__WORK TO BE COMPLETED__
Give back the lines below verbatim, omitting all pictures.
═════ DATA
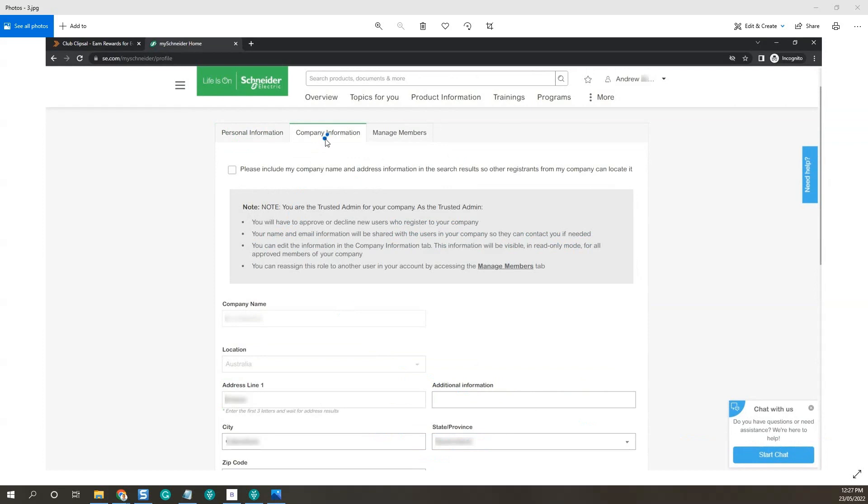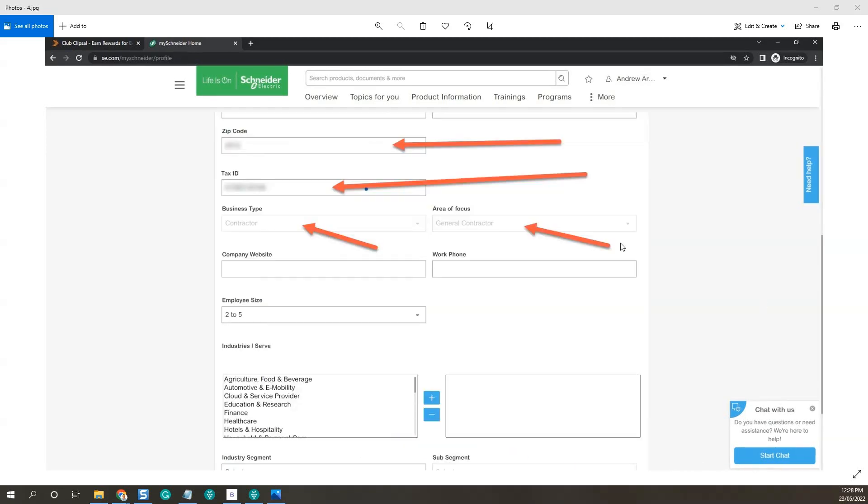Then click on the company info tab and fill out the company name, location, and address. If this doesn't populate, just fill in your address, city, state, zip code, your ABN, tax ID, your business type, and area of focus.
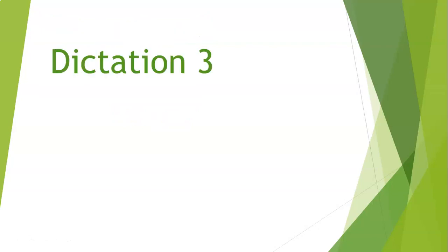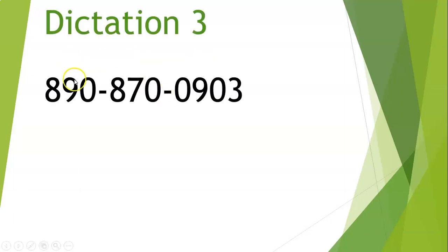Let's go on to dictation number three. My phone number is 8-9-0-8-7-0-0-9-0-3. 8-9-0-8-7-0-0-9-0-3. And once more, 8-9-0-8-7-0-0-9-0-3. Let's check that out. 8-9-0-8-7-0-0-9-0-3.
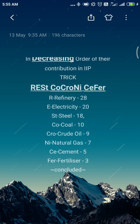Now it becomes important to decode the trick. All the capital letters in the trick represent one of the core industries. I have written a number beside every core industry — that number represents the total weightage of that core industry. If we consider the eight core industries as contributing 40 percent to the IIP and make this 40 percent equal to 100 percent, we can find out how much contribution is made by each core industry.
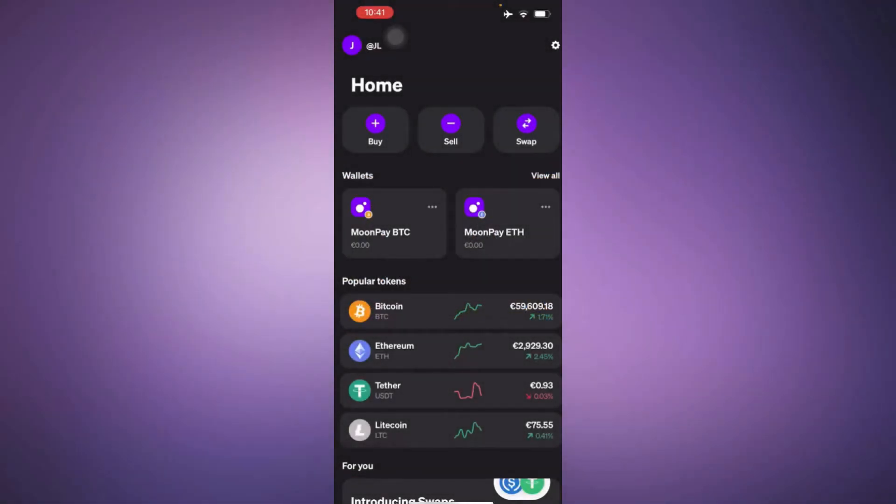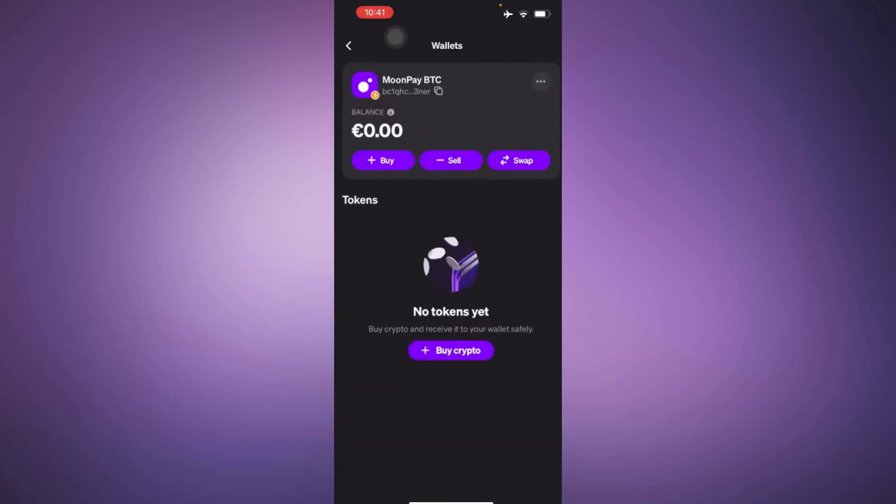First, open the MoonPay app on your device and make sure you're signed into your account. Once you're logged in, navigate to the MoonPay BTC section and tap on the three dots in the top right corner.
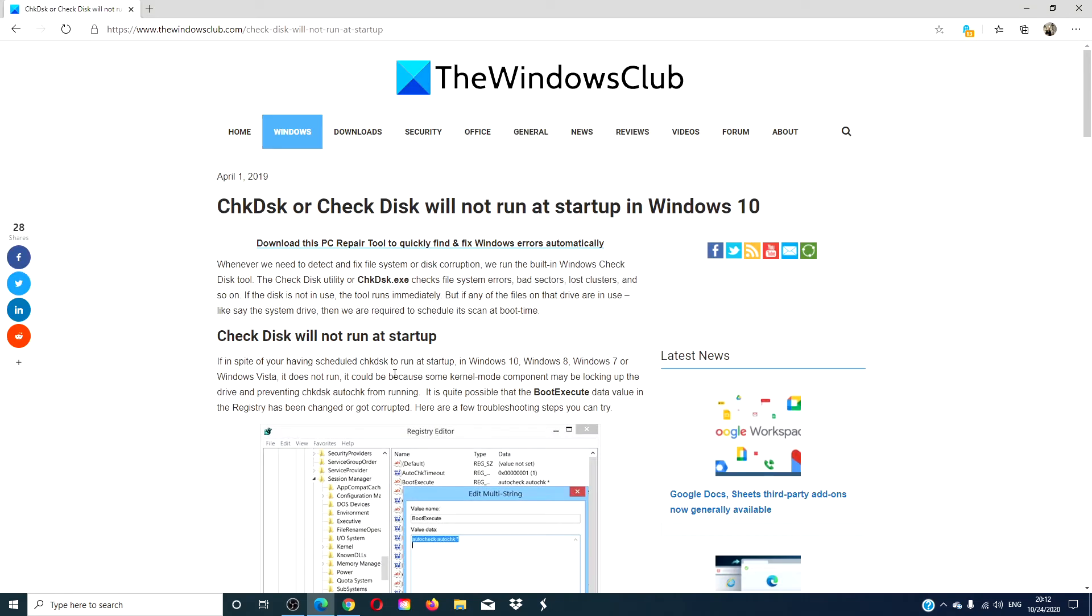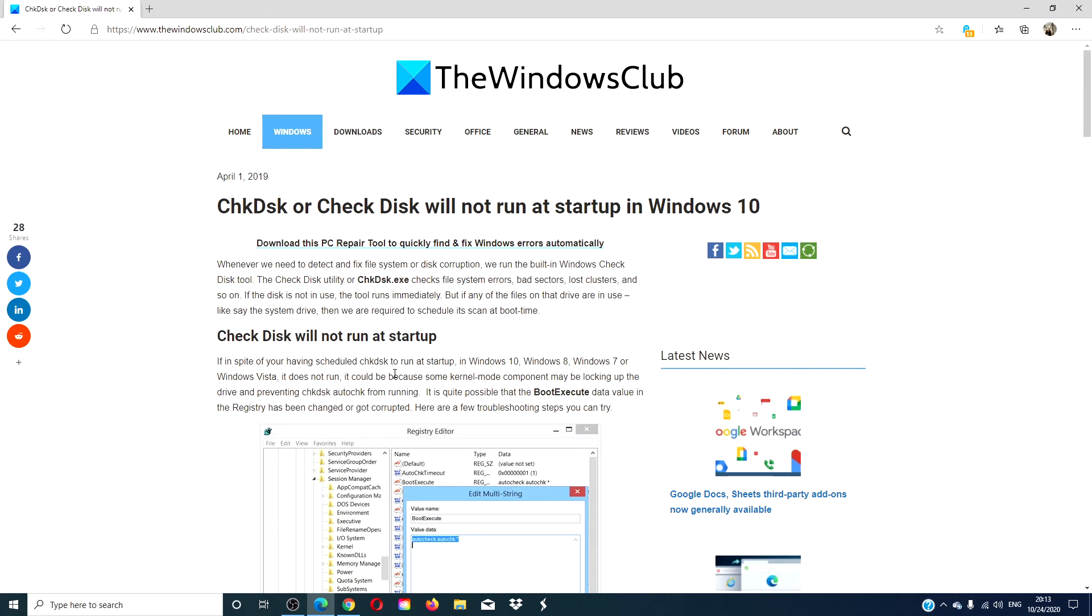For more helpful hints and fixes for your Windows system, go to our website thewindowsclub.com. Do not forget to give this video a thumbs up and subscribe to our channel, where we are always uploading new content to make your digital universe a little bit easier. Thanks for watching and have a great day.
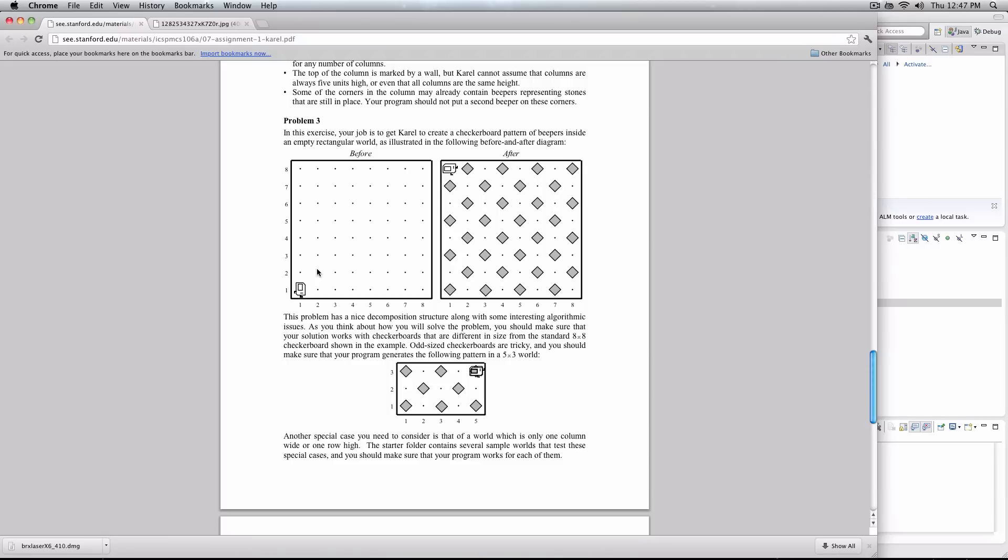Okay, and welcome to Assignment 2, Problem 3, where Carol gets to create a checkerboard pattern in an unknown world size. How exciting for her. So, first of all, what do we know about this problem?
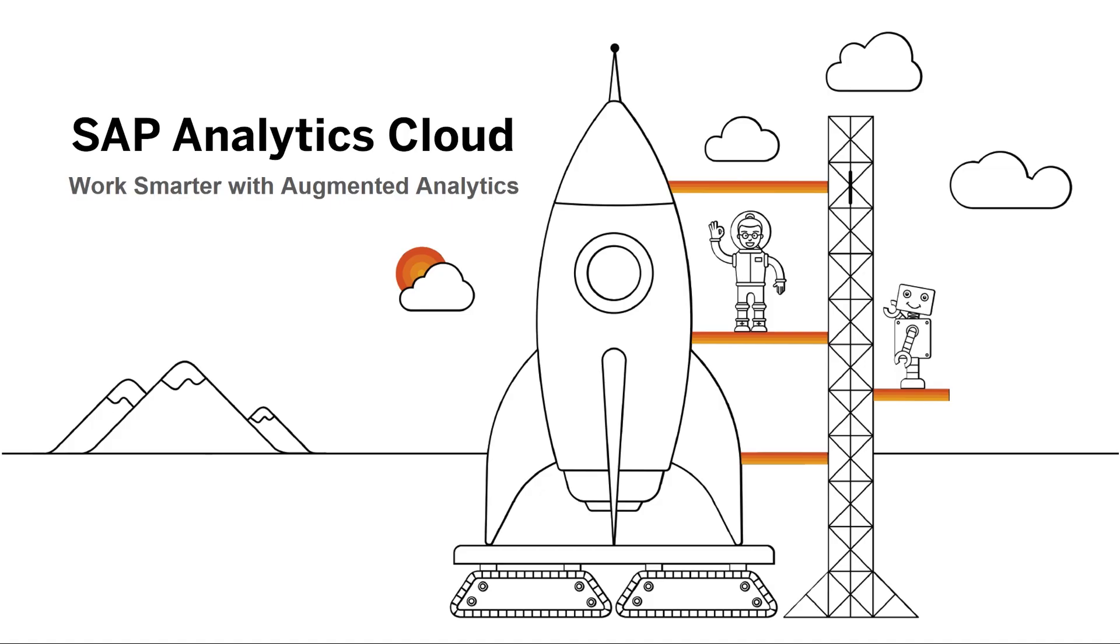Hi, I'm Samantha Wong and I'm a product manager for SAP Analytics Cloud's predictive features. Thanks for joining us for part four of our video series showcasing the smart capabilities in SAP Analytics Cloud.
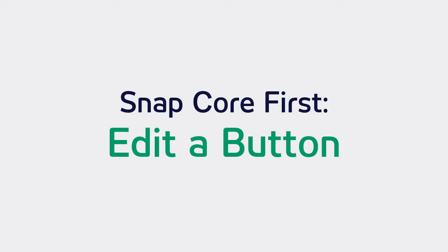Let's learn how to edit a button in the Snapcore First software. The process and the editing features I'm about to show you are available no matter the page set your communicator is utilizing.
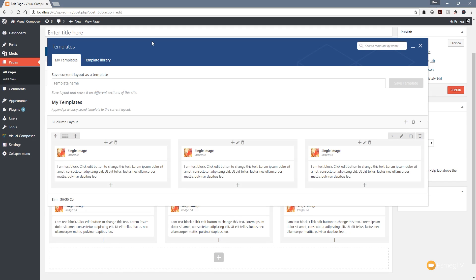That pretty much wraps up how you can use these templates now to expand the way that you design your pages. Instead of having the entire layout, you can now pick and choose the different elements you want to save out as a template and then build your pages from all those different templates later on.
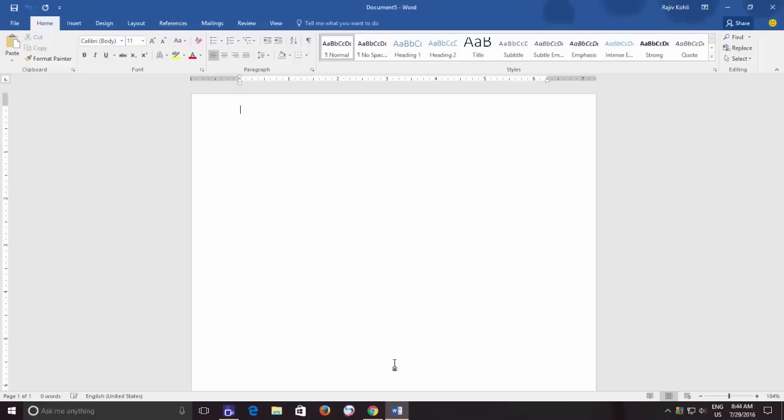In this video, you will learn how to remove a single or all hyperlinks from a Word document.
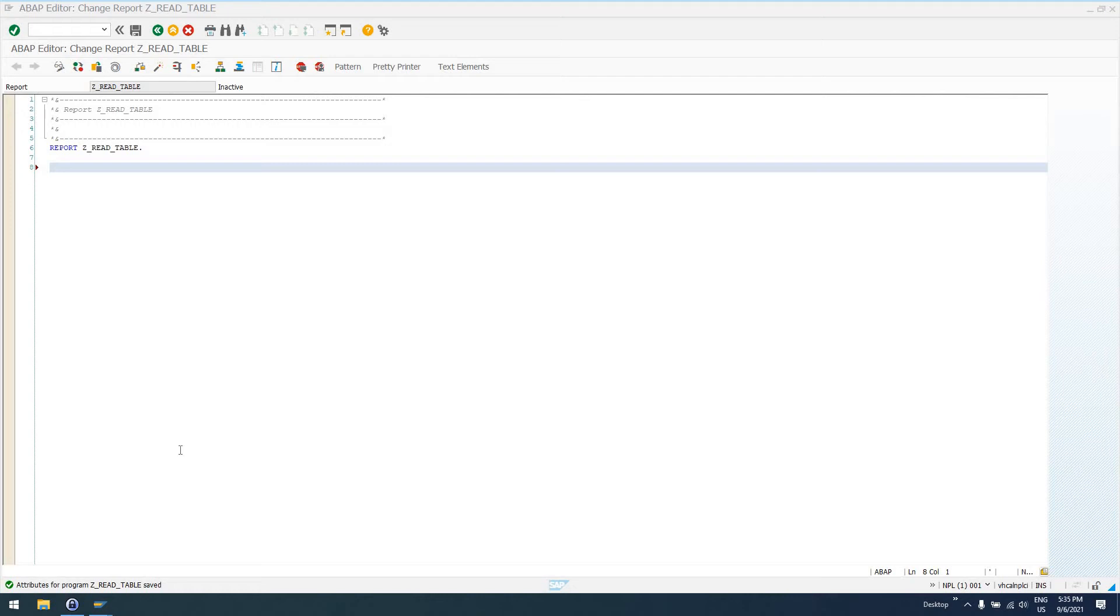Hello, everyone. Welcome to today's episode of EasySAP ABAP. In this video, I'm going to explain the READ TABLE statement that is used to read internal tables.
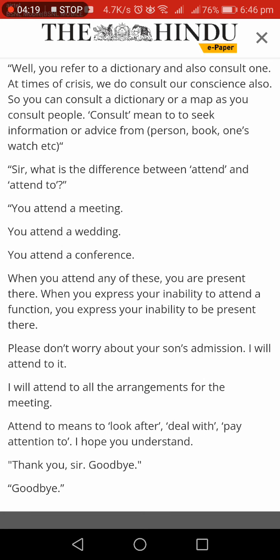I want to attend a wedding. I want to attend a meeting. Attend to — physical presence. Attend to means deal with, look after. I will attend to all the arrangements for the meeting — meaning I will arrange and deal with it. So we covered female and feminine, must and needn't, attend and attend to, and consult and refer to. Friends, next video.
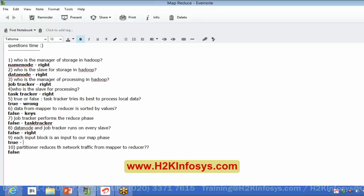Each input block is an input to our map phase — how many of you agree on this? Any other thoughts? We had discussed about it — just try thinking. Split! Perfect, Akshay. Yes — the map phases will be working on input splits, but not on actual physical blocks. Any questions on this? Is everyone okay with this input splits answer?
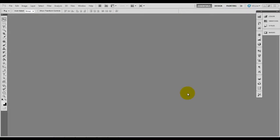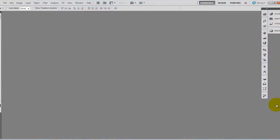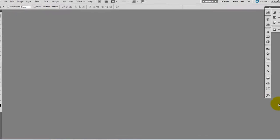Hi friends, welcome to Thomil Tutor. We will see a gold effect in the Fluxboard. We will see a gold effect in the text and we will see a new layer.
══════════
__OUTPUT BELOW__
Then click on the company info tab and fill out the company name, location, and address. If this doesn't populate, just fill in your address, city, state, zip code, your ABN, tax ID, your business type, and area of focus.
Let's go on to dictation number three. My phone number is 8-9-0-8-7-0-0-9-0-3. 8-9-0-8-7-0-0-9-0-3. And once more, 8-9-0-8-7-0-0-9-0-3. Let's check that out. 8-9-0-8-7-0-0-9-0-3.
Now it becomes important to decode the trick. All the capital letters in the trick represent one of the core industries. I have written a number beside every core industry — that number represents the total weightage of that core industry. If we consider the eight core industries as contributing 40 percent to the IIP and make this 40 percent equal to 100 percent, we can find out how much contribution is made by each core industry.
First, open the MoonPay app on your device and make sure you're signed into your account. Once you're logged in, navigate to the MoonPay BTC section and tap on the three dots in the top right corner.
For more helpful hints and fixes for your Windows system, go to our website thewindowsclub.com. Do not forget to give this video a thumbs up and subscribe to our channel, where we are always uploading new content to make your digital universe a little bit easier. Thanks for watching and have a great day.
Okay, and welcome to Assignment 2, Problem 3, where Carol gets to create a checkerboard pattern in an unknown world size. How exciting for her. So, first of all, what do we know about this problem?
Hi, I'm Samantha Wong and I'm a product manager for SAP Analytics Cloud's predictive features. Thanks for joining us for part four of our video series showcasing the smart capabilities in SAP Analytics Cloud.
Let's learn how to edit a button in the Snapcore First software. The process and the editing features I'm about to show you are available no matter the page set your communicator is utilizing.
That pretty much wraps up how you can use these templates now to expand the way that you design your pages. Instead of having the entire layout, you can now pick and choose the different elements you want to save out as a template and then build your pages from all those different templates later on.
In this video, you will learn how to remove a single or all hyperlinks from a Word document.
Hello, everyone. Welcome to today's episode of EasySAP ABAP. In this video, I'm going to explain the READ TABLE statement that is used to read internal tables.
I want to attend a wedding. I want to attend a meeting. Attend to — physical presence. Attend to means deal with, look after. I will attend to all the arrangements for the meeting — meaning I will arrange and deal with it. So we covered female and feminine, must and needn't, attend and attend to, and consult and refer to. Friends, next video.
Each input block is an input to our map phase — how many of you agree on this? Any other thoughts? We had discussed about it — just try thinking. Split! Perfect, Akshay. Yes — the map phases will be working on input splits, but not on actual physical blocks. Any questions on this? Is everyone okay with this input splits answer?
Hi friends, welcome to Thomil Tutor. We will see a gold effect in the Fluxboard. We will see a gold effect in the text and we will see a new layer.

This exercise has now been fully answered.